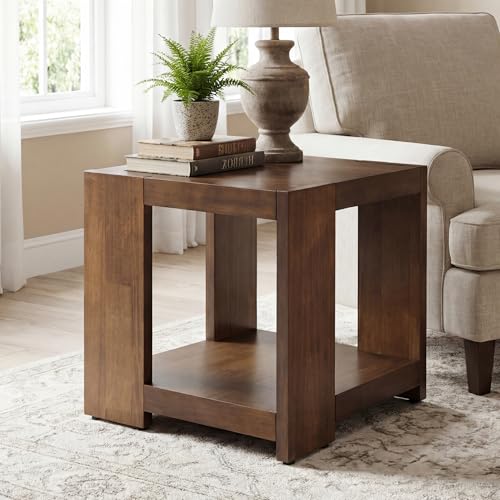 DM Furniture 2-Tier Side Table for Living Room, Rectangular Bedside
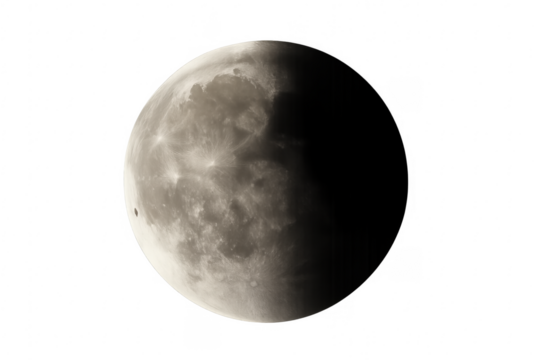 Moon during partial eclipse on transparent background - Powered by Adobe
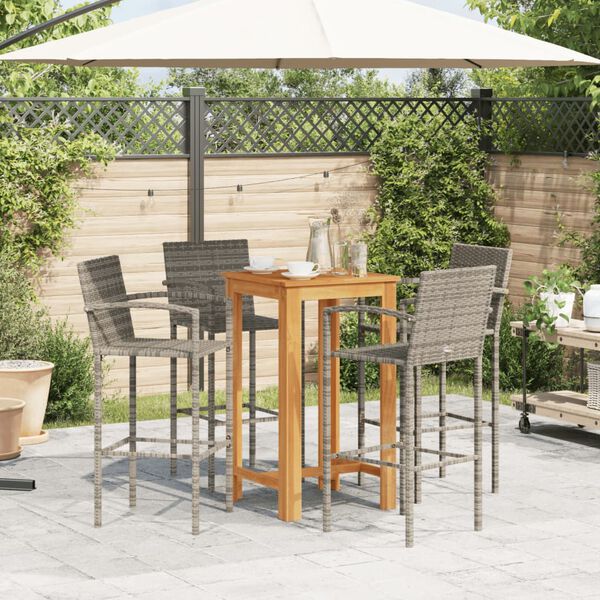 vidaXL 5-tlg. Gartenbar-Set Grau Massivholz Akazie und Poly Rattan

● ● ● ● ● ● ●

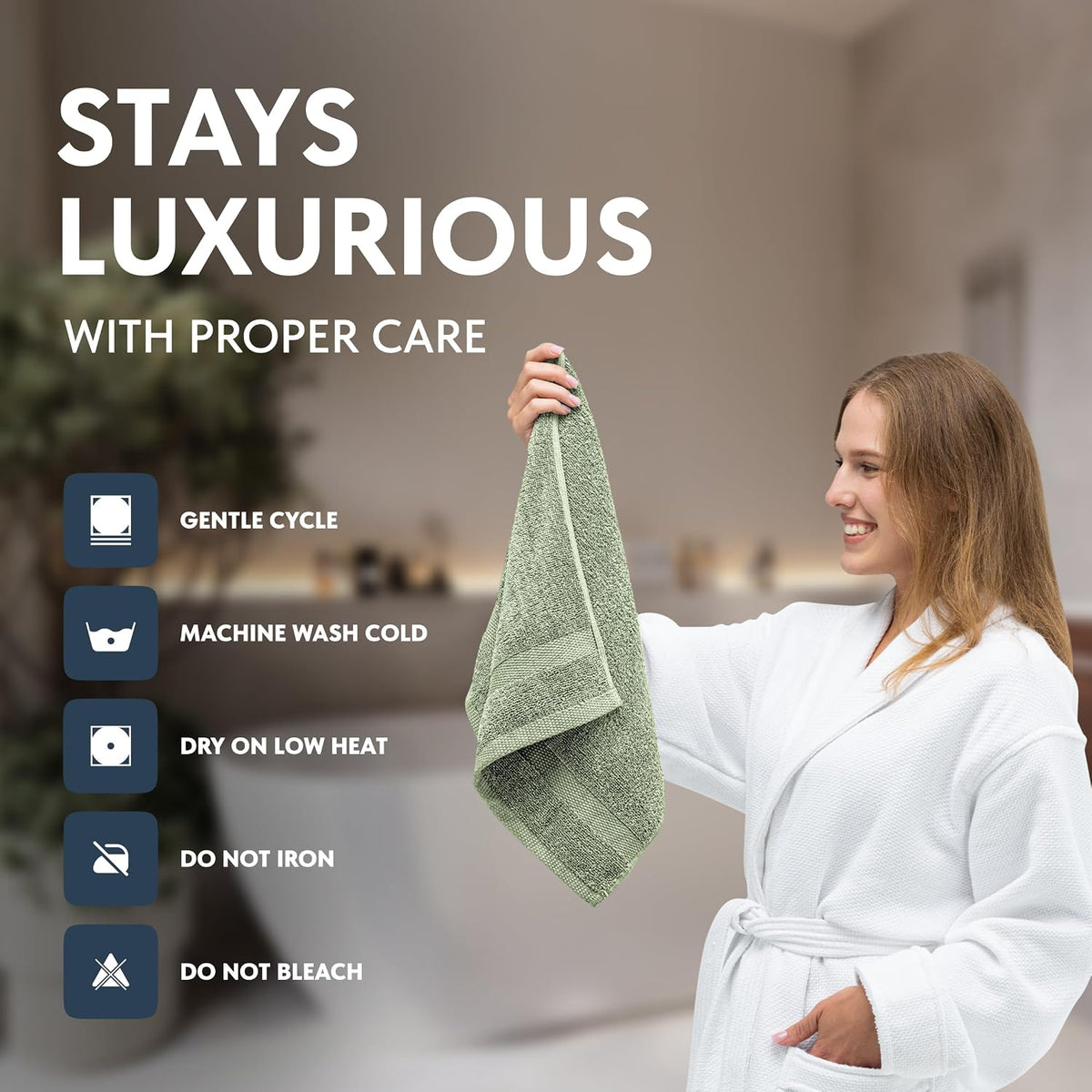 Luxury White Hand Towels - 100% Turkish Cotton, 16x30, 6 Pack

● ● ● ● ● ● ●

What is required: Every line above in the stretch from the one with "DM Furniture 2-Tier" through the one with "vidaXL 5-tlg. Gartenbar-Set" is to be transcribed exactly, ends included. No picture is copied.

Written answer:
 DM Furniture 2-Tier Side Table for Living Room, Rectangular Bedside
 Moon during partial eclipse on transparent background - Powered by Adobe
 vidaXL 5-tlg. Gartenbar-Set Grau Massivholz Akazie und Poly Rattan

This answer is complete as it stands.